— What to do —
Each record below should be repeated precisely as written.
[Opening Task inputs section]
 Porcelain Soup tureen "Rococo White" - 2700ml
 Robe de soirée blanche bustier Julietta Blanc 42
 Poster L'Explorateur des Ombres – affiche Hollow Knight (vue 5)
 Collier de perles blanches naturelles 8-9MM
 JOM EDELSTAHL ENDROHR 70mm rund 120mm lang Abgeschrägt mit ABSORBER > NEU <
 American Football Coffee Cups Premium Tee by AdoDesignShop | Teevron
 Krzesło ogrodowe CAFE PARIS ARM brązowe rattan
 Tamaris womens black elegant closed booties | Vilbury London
[Closing Task inputs section]
— Response —
 Porcelain Soup tureen "Rococo White" - 2700ml
 Robe de soirée blanche bustier Julietta Blanc 42
 Poster L'Explorateur des Ombres – affiche Hollow Knight (vue 5)
 Collier de perles blanches naturelles 8-9MM
 JOM EDELSTAHL ENDROHR 70mm rund 120mm lang Abgeschrägt mit ABSORBER > NEU <
 American Football Coffee Cups Premium Tee by AdoDesignShop | Teevron
 Krzesło ogrodowe CAFE PARIS ARM brązowe rattan
 Tamaris womens black elegant closed booties | Vilbury London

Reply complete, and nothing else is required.